Below is a listing with pictures in it; transcribe exactly the lines from the one that has "Modern 2 Bedroom" through the one that has "Armor All Electric", and omit those pictures.

*** EXTRACTED DATA Section Begins ***

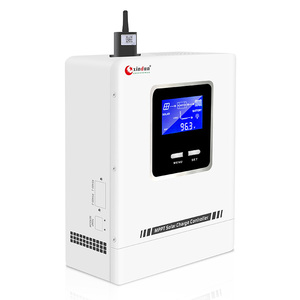 <span class=keywords><strong>Régulateur</strong></span> de tension solaire DC 40 ampères, <span class=keywords><strong>régulateur</strong></span> de charge de panneau solaire, controlador 12v 100 Ah <span class=keywords><strong>Mppt</strong></span>, <span class=keywords><strong>prix</strong></span> pour batterie - Product Image 2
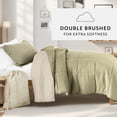 thumbnail image 5 of Comfort Canopy - Ready Dorm Bedding Bundle, Patterned Comforter Set, Solid Sheet Set, Pillows and Laundry Bag, 5 of 12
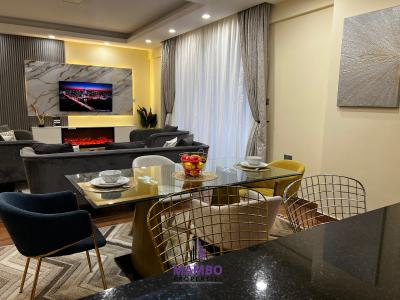 Modern 2 Bedroom Furnished and Serviced Apartment., Near Arboretum Forest., Kileleshwa, Nairobi, Apartment for Rent
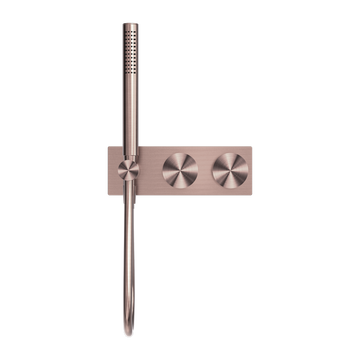 Kara Progressive Shower System Brushed Bronze
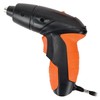 Armor All Electric Screwdriver Cordless Kit, Lithium Power Rechargeable 4.8-Volt,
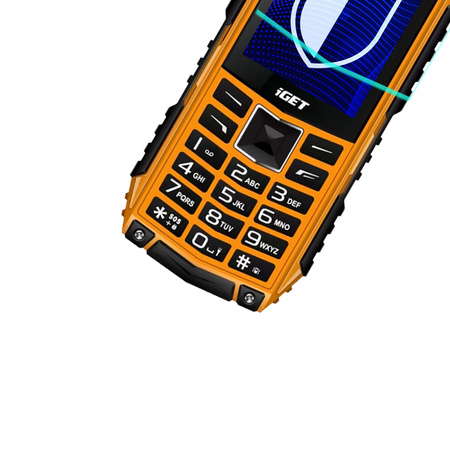 iGET Defender D10 - 3mk FlexibleGlass Pro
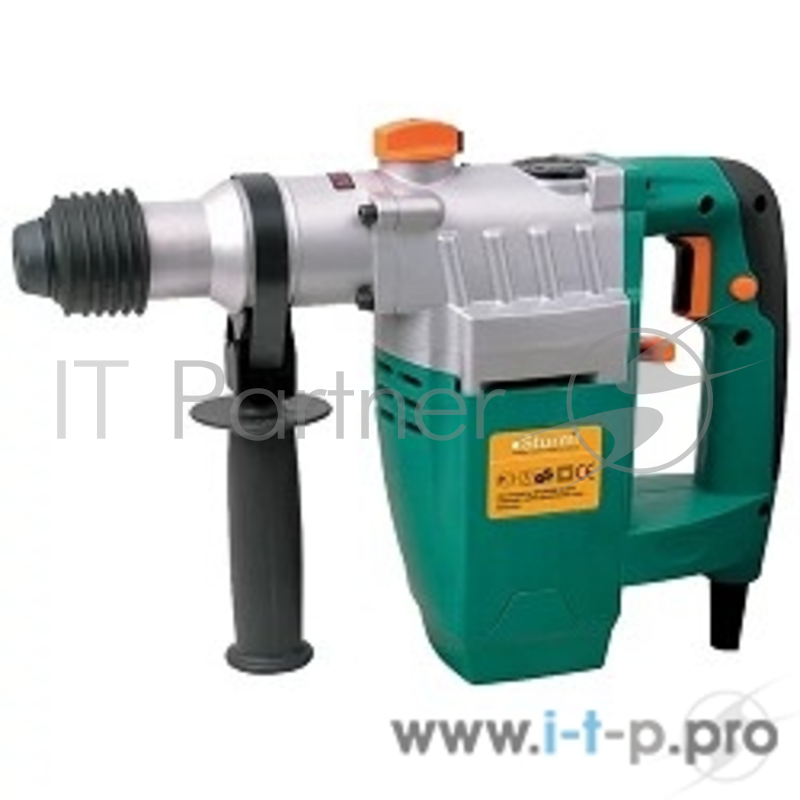 Перфораторы Sturm RH2514 Перфоратор Sturm, 1400 Вт, 3 режима, 0-3000 уд/мин, 0-800 об/мин, кейс, МЕТАЛ КОРП РЕД RH2514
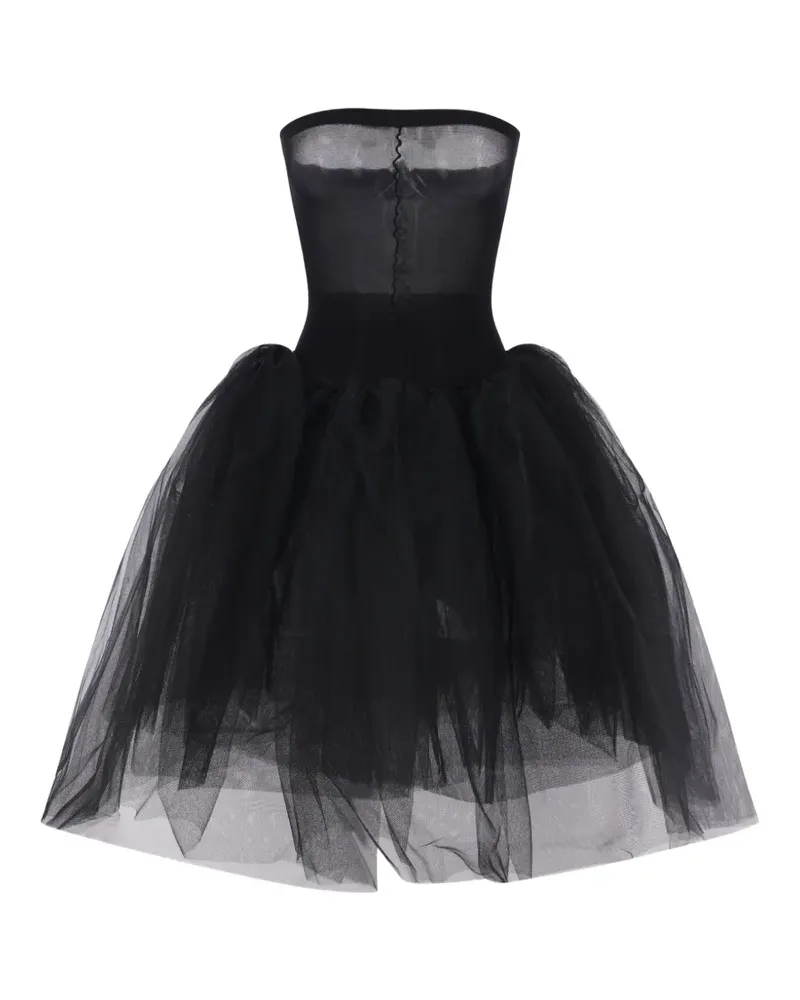 Junya Watanabe ruffled skirt - Schwarz Schwarz
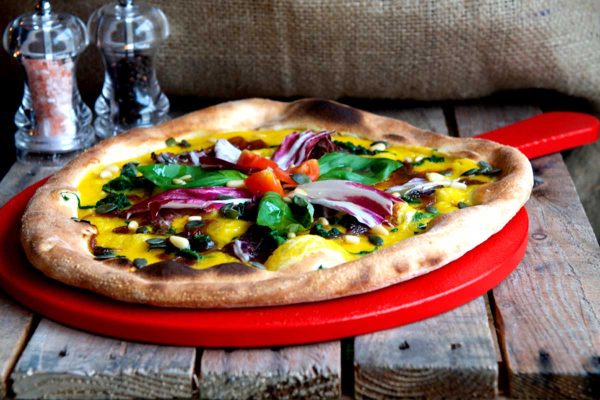 The Zucca Pizza with Brilliant Butternut Squash and Very Vegan! recipe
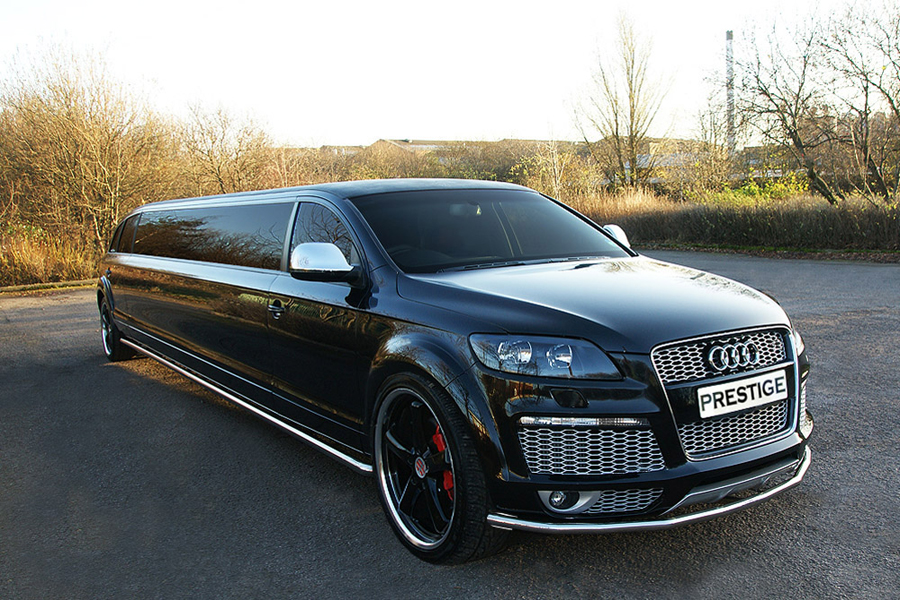 Audi Q7 Limo Hire. Limo Hire Birmingham | The limo Hire Specialists \\ Audi Q7 Limo Hire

*** EXTRACTED DATA Section Ends ***

» **ANSWER AREA**:
 Modern 2 Bedroom Furnished and Serviced Apartment., Near Arboretum Forest., Kileleshwa, Nairobi, Apartment for Rent
 Kara Progressive Shower System Brushed Bronze
 Armor All Electric Screwdriver Cordless Kit, Lithium Power Rechargeable 4.8-Volt,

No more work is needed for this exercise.